**WHAT IS EXPECTED**
Pictures must be kept out of the copy. Every entry is to be duplicated exactly.

**RECORDS SHOWN**
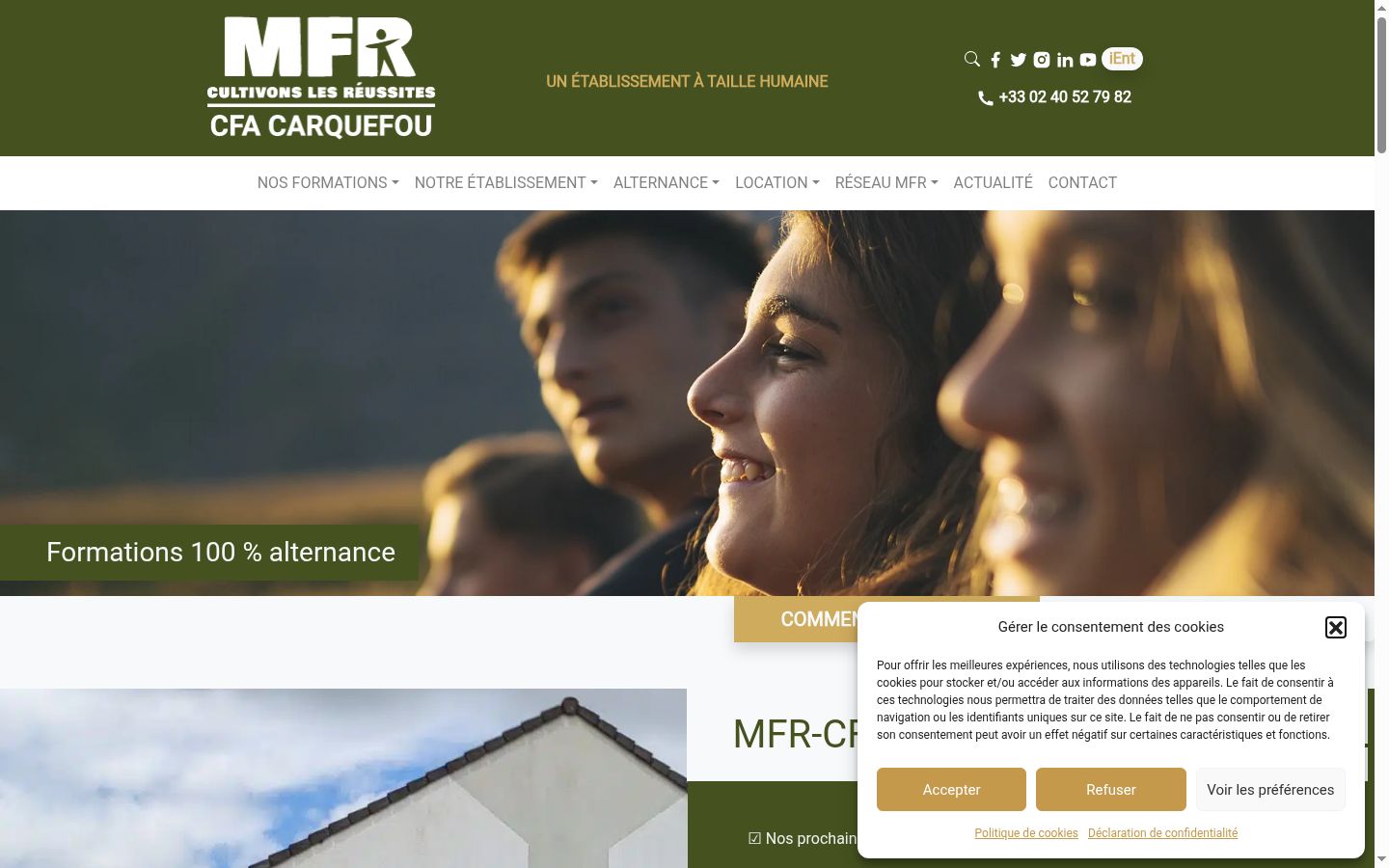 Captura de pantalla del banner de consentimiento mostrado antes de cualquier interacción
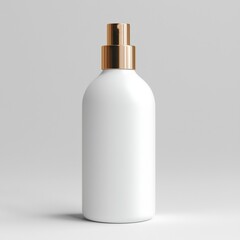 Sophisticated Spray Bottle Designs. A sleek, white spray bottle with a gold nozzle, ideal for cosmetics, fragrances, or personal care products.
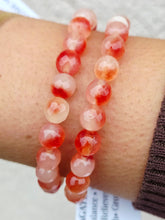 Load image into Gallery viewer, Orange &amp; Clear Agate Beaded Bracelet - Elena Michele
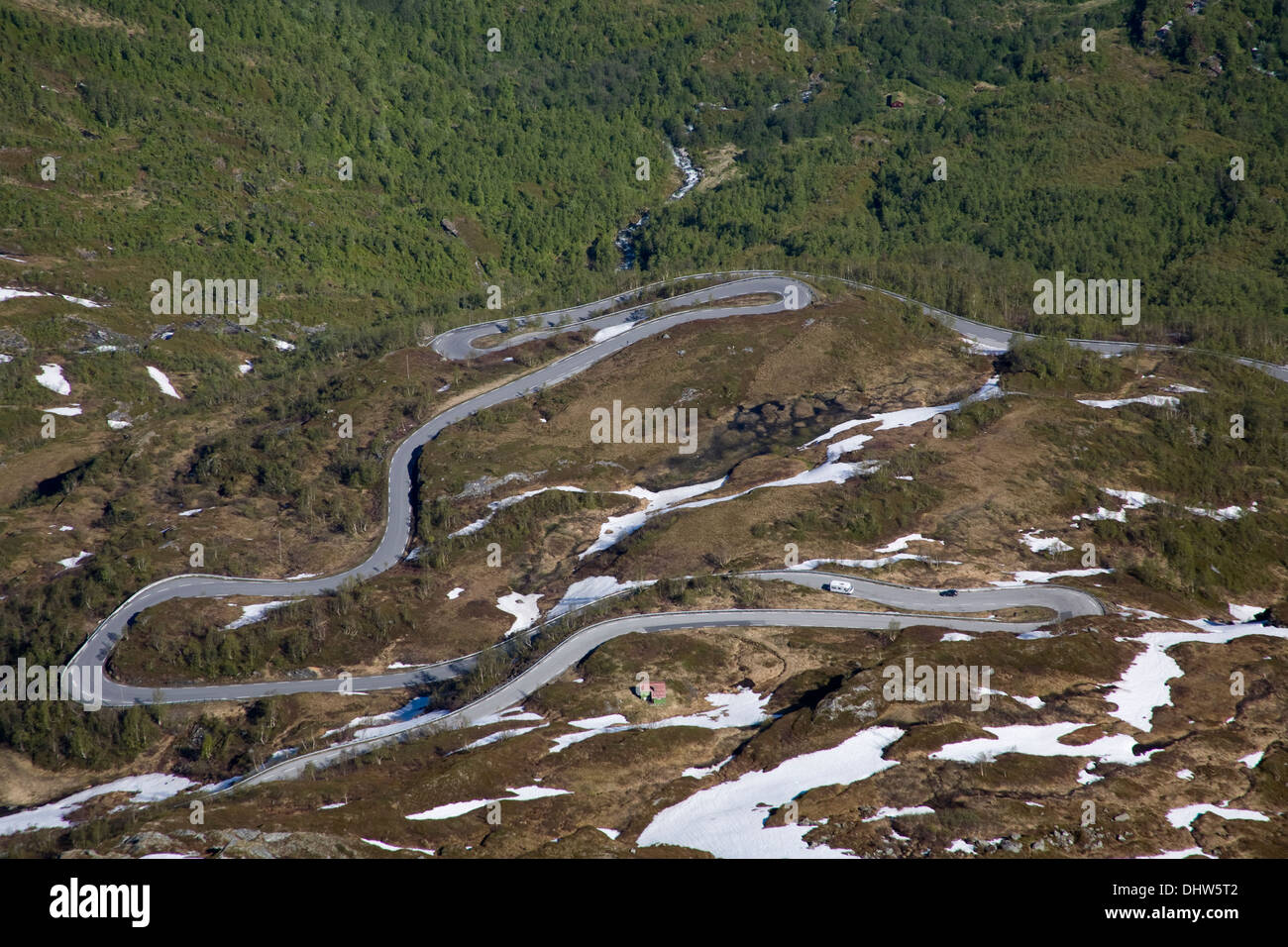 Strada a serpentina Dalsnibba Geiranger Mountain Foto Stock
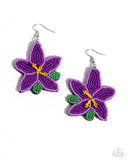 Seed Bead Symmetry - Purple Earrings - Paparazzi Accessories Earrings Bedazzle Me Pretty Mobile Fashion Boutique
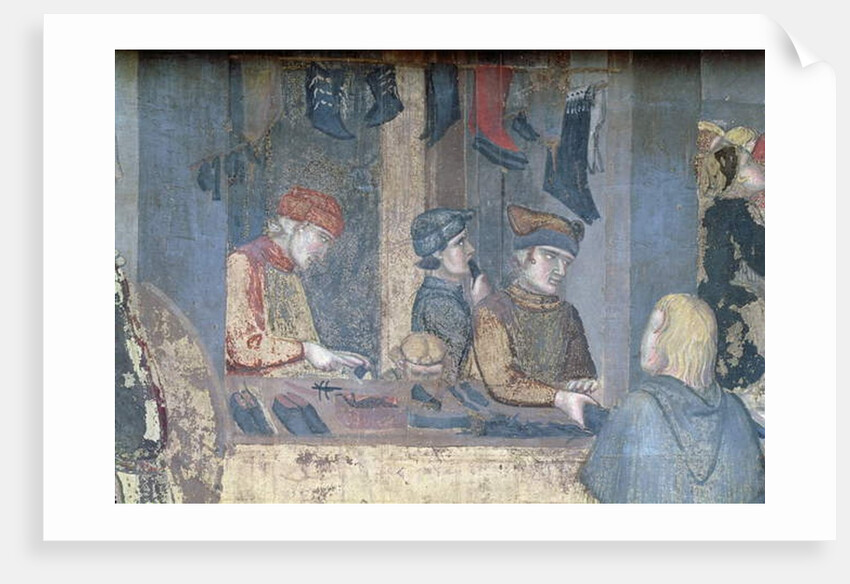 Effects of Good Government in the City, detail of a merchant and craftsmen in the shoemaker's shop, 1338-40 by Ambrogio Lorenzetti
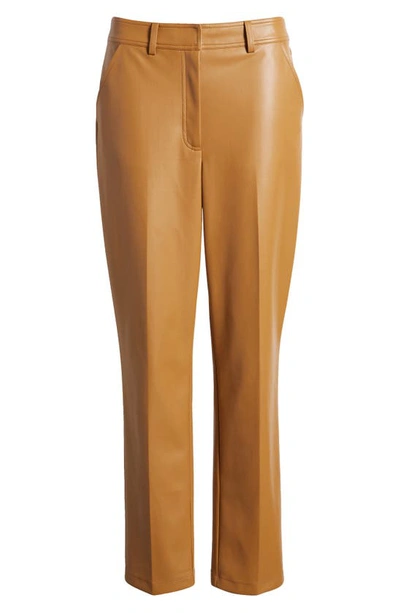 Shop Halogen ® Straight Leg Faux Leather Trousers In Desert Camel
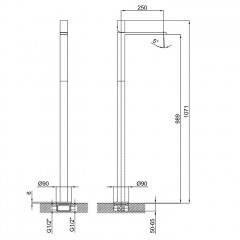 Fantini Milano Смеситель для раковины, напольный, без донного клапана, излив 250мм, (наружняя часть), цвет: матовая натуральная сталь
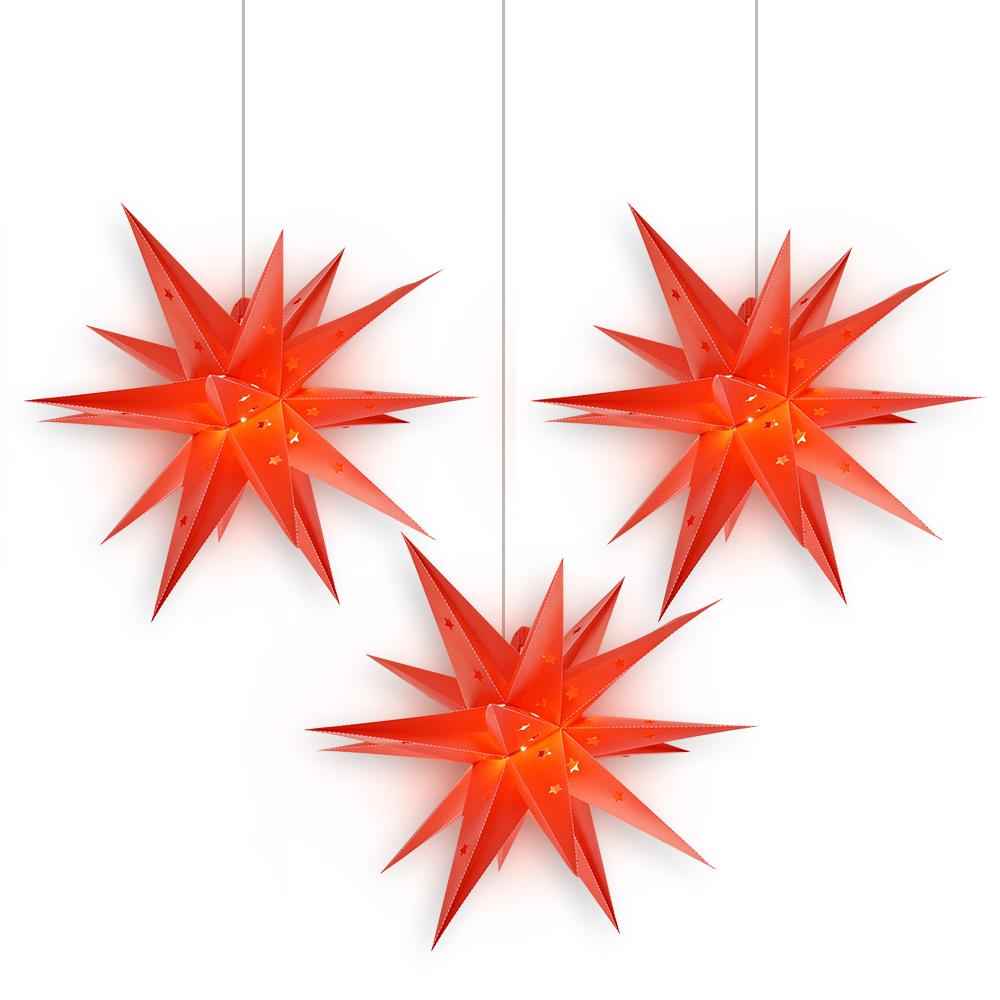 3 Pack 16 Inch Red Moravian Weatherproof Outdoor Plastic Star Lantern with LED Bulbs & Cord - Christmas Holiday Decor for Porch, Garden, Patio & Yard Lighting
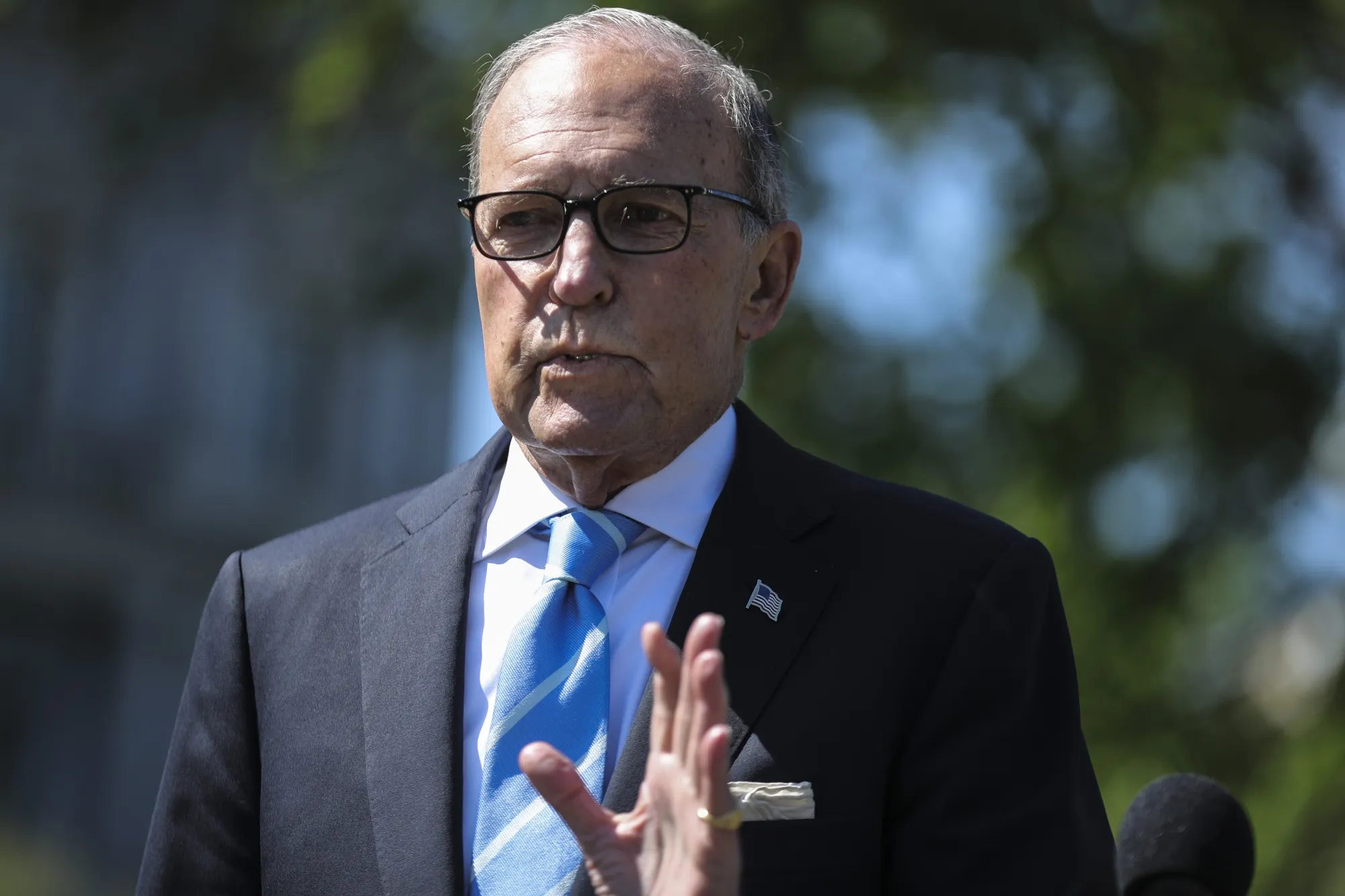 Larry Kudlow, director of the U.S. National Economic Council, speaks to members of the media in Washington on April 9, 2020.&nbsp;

**ANSWER BOX**
 Captura de pantalla del banner de consentimiento mostrado antes de cualquier interacción
 Sophisticated Spray Bottle Designs. A sleek, white spray bottle with a gold nozzle, ideal for cosmetics, fragrances, or personal care products.
 Load image into Gallery viewer, Orange &amp; Clear Agate Beaded Bracelet - Elena Michele
 Strada a serpentina Dalsnibba Geiranger Mountain Foto Stock
 Seed Bead Symmetry - Purple Earrings - Paparazzi Accessories Earrings Bedazzle Me Pretty Mobile Fashion Boutique
 Effects of Good Government in the City, detail of a merchant and craftsmen in the shoemaker's shop, 1338-40 by Ambrogio Lorenzetti
 Shop Halogen ® Straight Leg Faux Leather Trousers In Desert Camel
 Fantini Milano Смеситель для раковины, напольный, без донного клапана, излив 250мм, (наружняя часть), цвет: матовая натуральная сталь
 3 Pack 16 Inch Red Moravian Weatherproof Outdoor Plastic Star Lantern with LED Bulbs & Cord - Christmas Holiday Decor for Porch, Garden, Patio & Yard Lighting
 Larry Kudlow, director of the U.S. National Economic Council, speaks to members of the media in Washington on April 9, 2020.&nbsp;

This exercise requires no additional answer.